Wednesday, April 25, 2012

Thursday Morning Monologue - April 26, 2012

Good times are here again, people. It's Ladies' Night here at Late Night Morning, so help yourself to some shitty beer. I don't even know what that means. Let's dance! I mean, how about some jokes?

A medical researcher claims to have located the G-Spot, according to an article in next months's Journal of American Bragging.

Sources close to John Edwards say that he at first doubted that his love child was his, until he found out that the baby was cheating on a cancer patient. Runs in families.

In Bavaria, public schools may reintroduce passages of Hitler's book, Mein Kampf. I just hope that no one goes crazy and starts burning big piles of copies of the book, because I'm fairly certain that much irony would turn Germany into Brooklyn.

Rupert Murdoch said yesterday that phone hacking is "lazy" journalism, which is why he only employs journalists who go the extra mile and make shit up.

He also said that he has never had any political influence on British politicians. He then went on to deny the existence of bear droppings in the woods.

Actor Jason Segel complained recently that the head of a movie studio ordered him to lose weight for a film. The executive also cut his pay by 25% and demanded that he menstruate every four weeks.

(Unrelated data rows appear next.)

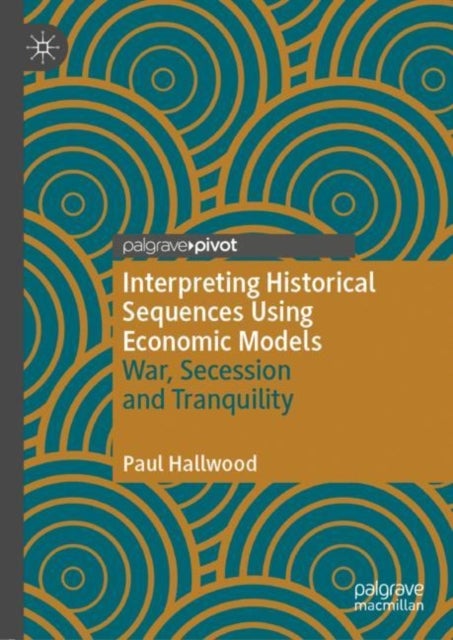 Interpreting Historical Sequences Using Economic Models - War, Secession and Tranquility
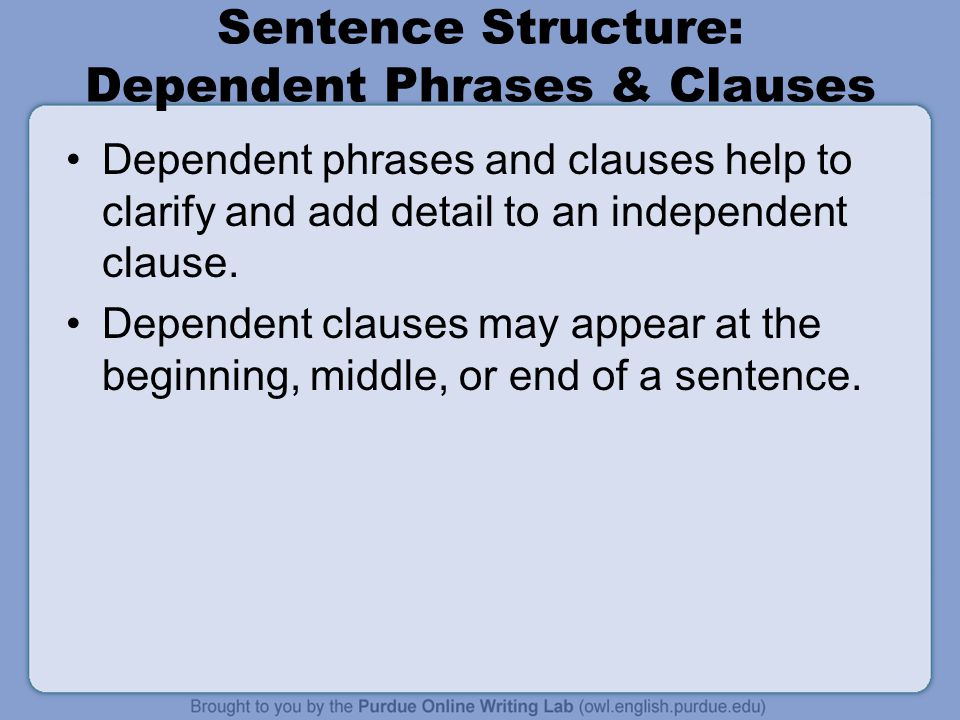 Sentence Structure: Dependent Phrases & Clauses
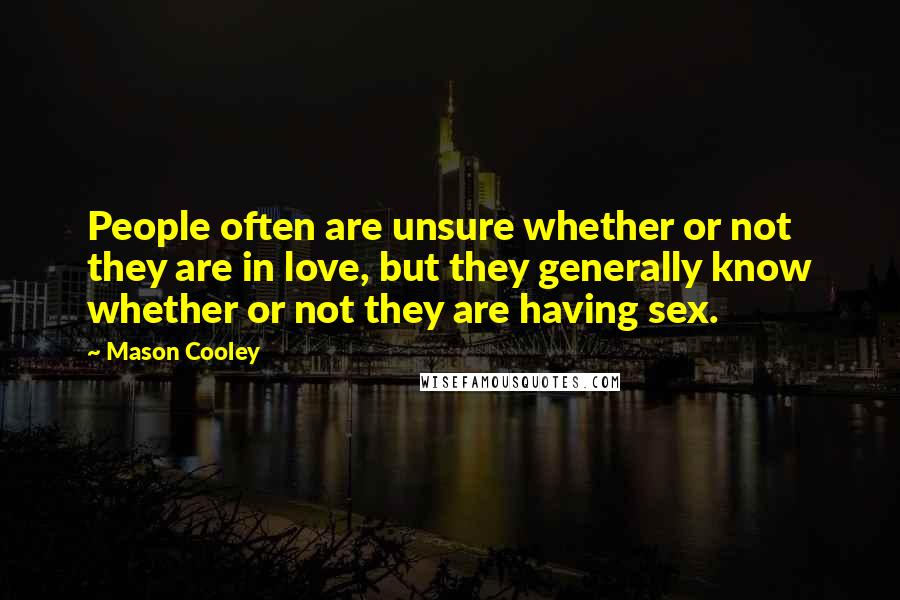 Mason Cooley Quotes: People often are unsure whether or not they are in love, but they generally know whether or not they are having sex.
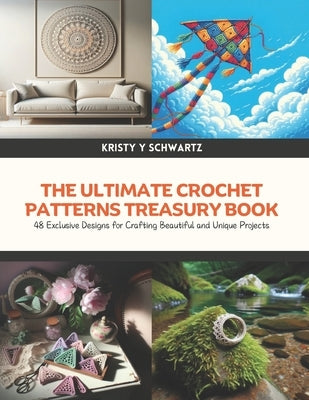 The Ultimate Crochet Patterns Treasury Book: 48 Exclusive Designs for Crafting Beautiful and Unique Projects by Schwartz, Kristy Y.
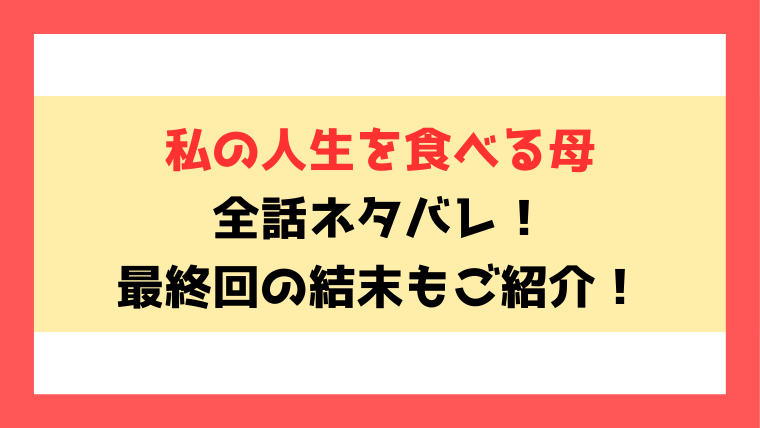 『私の人生を食べる母』全話ネタバレ！最終回・結末もご紹介！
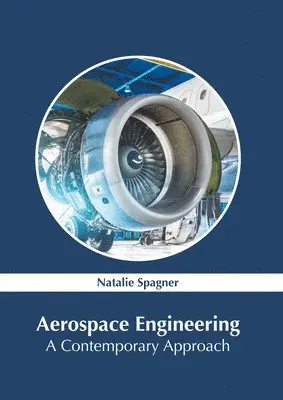 Natalie Spagner - Aerospace Engineering: A Contemporary Approach, Inbunden. Tillgänglighet: Lägg i varukorg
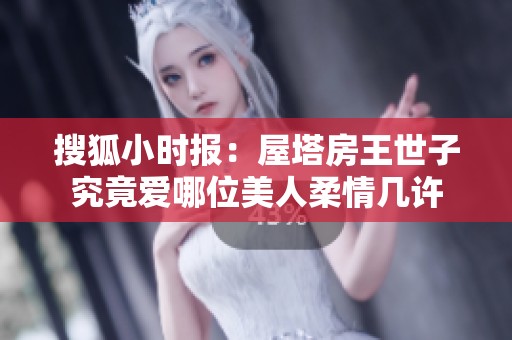 搜狐小时报：屋塔房王世子究竟爱哪位美人柔情几许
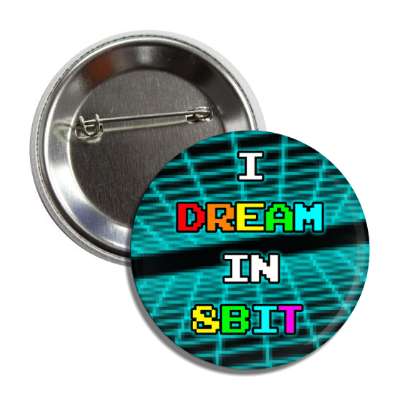 i dream in 8bit colorful pixel grid button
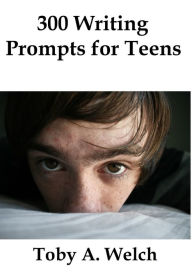 Title: 300 Writing Prompts for Teens, Author: Toby Welch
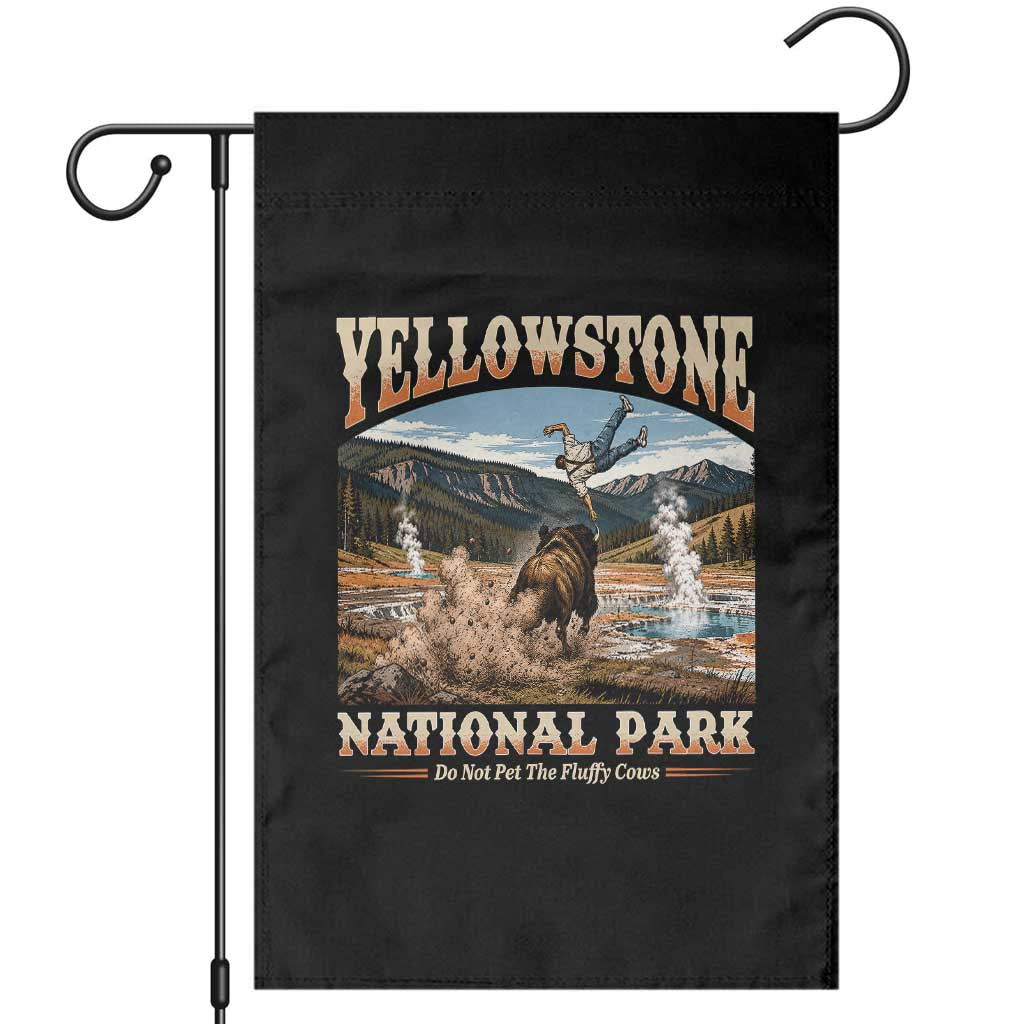 Yellowstone National Park Do Not Pet The Fluffy Cows Garden Flag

Donald Trump demanded that Scotland cancel plans for an offshore wind farm near one of his golfing resorts. Either he's just trying to protect his combover, or Trump just wants to be the biggest windbag in the area.

And finally, Newt Gingrich will be suspending his Presidential campaign next week due to the fact that he's run out of books to sell. Better luck next time, Newt!

That's all for now! Maybe there'll be a podcast tomorrow, though. Wouldn't that be neat?! Till then, or whenever, have a great day!